La macchia di sangue – Per i giudici bresciani è stato inutile cercare di svalutare la macchia di sangue di Valeria Cherubini trovata sulla Seat Arosa di Olindo. La macchia rilevata dai carabinieri fu alla base del fermo. Il sangue, non visibile a occhio nudo, venne repertato sull’auto sul battitacco del conducente insieme ad altre tre tracce che non erano sangue. Una “traccia di alta qualità, perché il Dna di quella traccia è stato tratto da sangue vicino al sangue puro, senza particolari fattori degradanti” scrissero i giudici nelle motivazioni della sentenza di primo grado citando le parole del perito. Come era finita quella traccia di sangue puro nell’auto dei coniugi? Il processo ha risposto anche a questa domanda: non per contaminazione come ipotizzato, ma semplicemente perché era sul corpo di Olindo Romano che sul punto aveva risposto al pm che gli chiedeva del sangue: “Ma non dai piedi, per me ce l’avevo in testa. Sì, perché il resto mi ero cambiato tutto. Io quella sera … ho cambiato anche le calze, e quelle macchie … erano sotto le calze e sotto i pantaloni; e quindi le cose che ho perso in macchina, le ho perse sicuramente dai capelli… “.

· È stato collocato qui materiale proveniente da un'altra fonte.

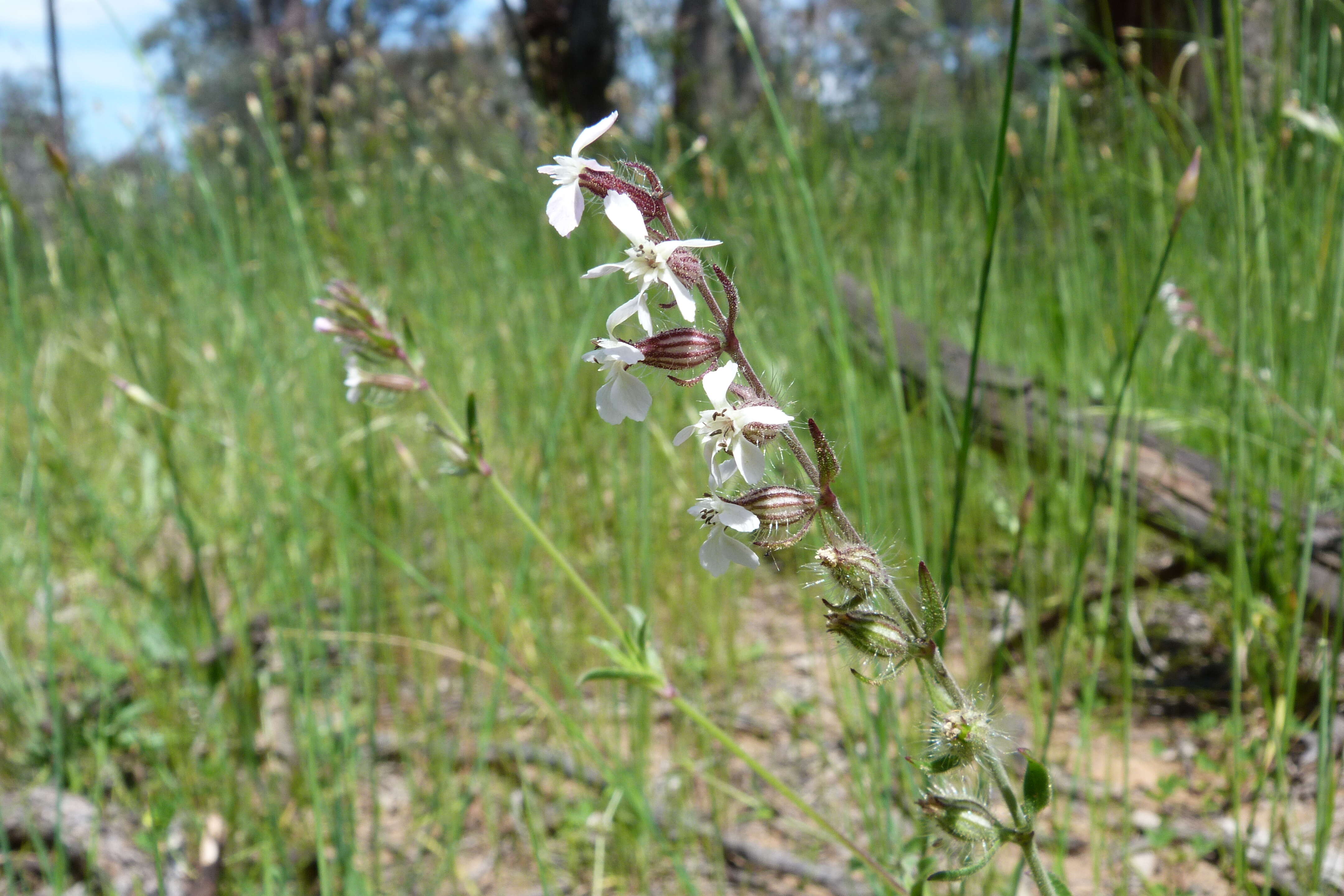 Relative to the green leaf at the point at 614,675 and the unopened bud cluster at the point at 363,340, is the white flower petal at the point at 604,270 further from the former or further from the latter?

La lettera e la Bibbia – È agli atti dei processi che hanno portato al riconoscimento della responsabilità anche una lettera che nell’aprile del 2007 la coppia fece arrivare a un religioso: “Non ci siamo ancora resi conto di ciò che abbiamo fatto. Il perdono, il pentimento, si contrappongono all’odio e alla rabbia, alle umiliazioni subite in questi anni, la nostra colpa, la responsabilità di chi poteva evitare tutto questo e non lo ha fatto”. Ci sono poi gli appunti di Romano sulla Bibbia che gli fu regalata dal cappellano del carcere durante i primi mesi di detenzione. Anche questi scritti sono agli atti “… accogli nel tuo regno il piccolo Youssef, la sua mamma Raffaella, sua nonna Paola e Cherubini Valeria a cui noi abbiamo tolto il tuo dono, la vita … ” e poi ” … oggi a colloquio con la mia vita mi ha raccontato che sono alcune notti che vede Raffaella davanti alla branda come quella sera col sangue che le scende sul volto ed i colpi che gli ho inferto quando l’uccidemmo … ” e sotto il commento:” … stiamo scontando la nostra pena per causa tua e della tua famiglia … “. In altri appunti il rancore verso le vittime, verso il padre di Raffaella Castagna “… Dio lo ha punito, un uomo che si rifugia in chiesa, cattolico per interesse. Sapeva tutto e non ha fatto niente per evitare una strage annunciata … “; verso Mario Frigerio e Valeria Cherubini: “… dovevano farsi i cazzi suoi … “.